Perfect Shadows

chapter 22

As the door closed behind the madman who had captured him, Poley frantically sought a means to escape. The door was bolted and barred, and there was no window. Even the candles were burning dimly in that airless space—the candles! He wormed his way up the rough stones of the wall to his feet. The candle was too high for his hands, bound behind him, to reach. He almost sobbed in his frustration. Desperately he knocked the candle from the ledge with his shoulder, but the fall put it out. He turned to the second candle, on a higher, but narrower ledge. Carefully he nudged it over with his chin, gaining a painful burn on his cheek, and filling what air there was with the stench of his burning beard. Not daring to breathe he backed away. His luck returned to him, the candle guttered for a moment, then the flame burned high in the spilled grease. He tried to ignore the blistering pain in his wrists, and the sweat that ran into eyes, but the pain was unendurable and he jerked his hands from the flames. The sudden strain parted the strands that held him.

One of the servants came in then bringing the prisoner a tray to break his fast, but when she pushed the door open he fell on her, snatching the heavy tray from her hands and hitting her hard with the edge of it. She fell dead, her slender neck snapped like a flowerstalk, and he made his escape into the vast park surrounding the manor.

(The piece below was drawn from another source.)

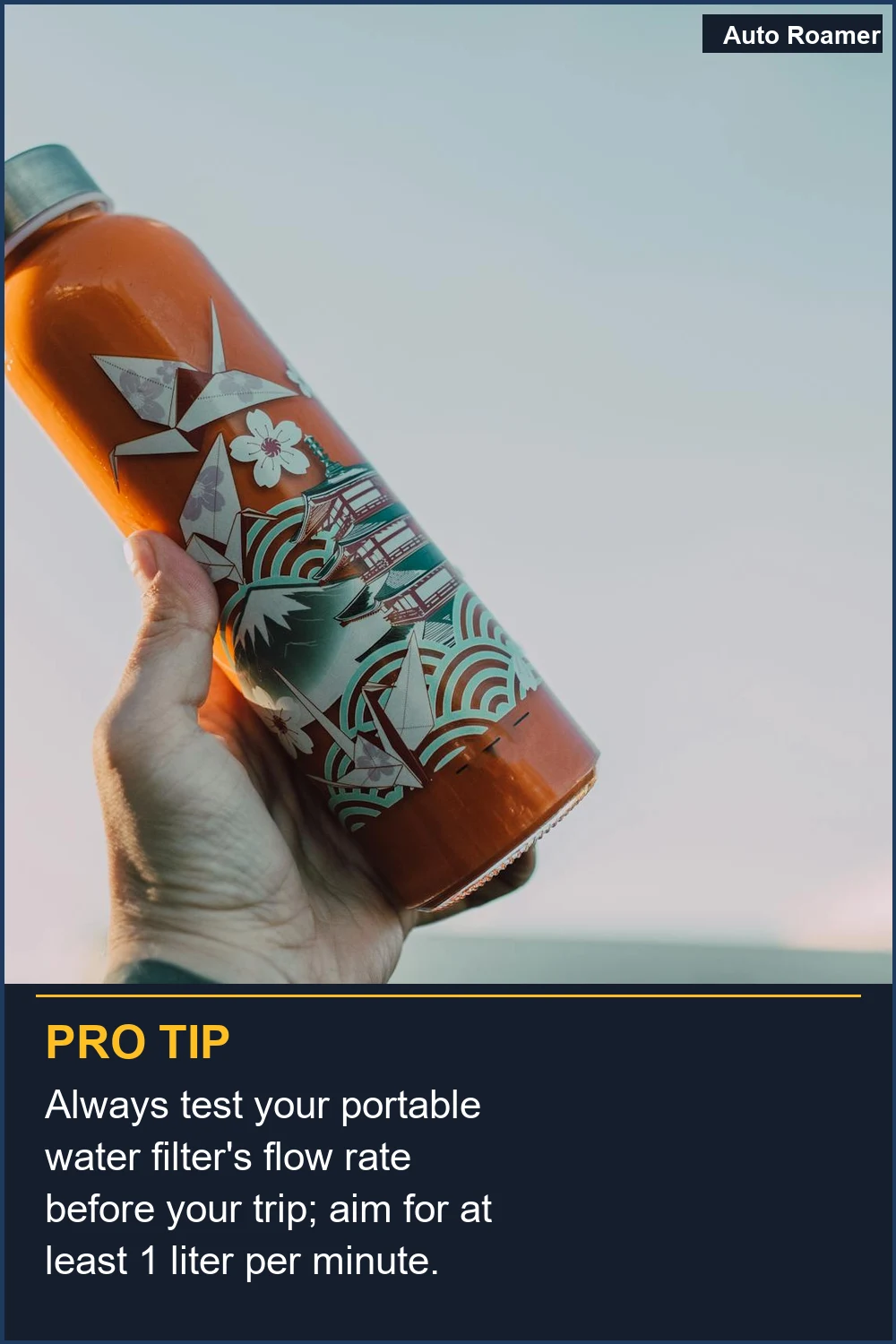 Prueba siempre el caudal de tu filtro de agua portátil antes de tu viaje; apunta a al menos 1 litro por minuto.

Poley had set off for the gates even as an unearthly howling broke out behind him, only to lose himself in the blowing snow. It was no more than a half hour before he found himself in a clearing in the wood, and realized with dismay that he was lost. He hadn’t seen the grey shapes that followed him, circled and surrounded him, until one of the wolves darted in and nipped at his calf, where his hose was thin and torn. He had seen them then, so many shadows in the snowy air, and he screamed. As if they had been awaiting that signal, the pack closed in, and the smell of death had filled the air as the dying man’s blood scalded the snow. Soon the wolves drifted away, leaving nothing to show what had occurred but a few scraps of rag and bone, and a patch of bloody ice, soon covered by the fresh falling snow.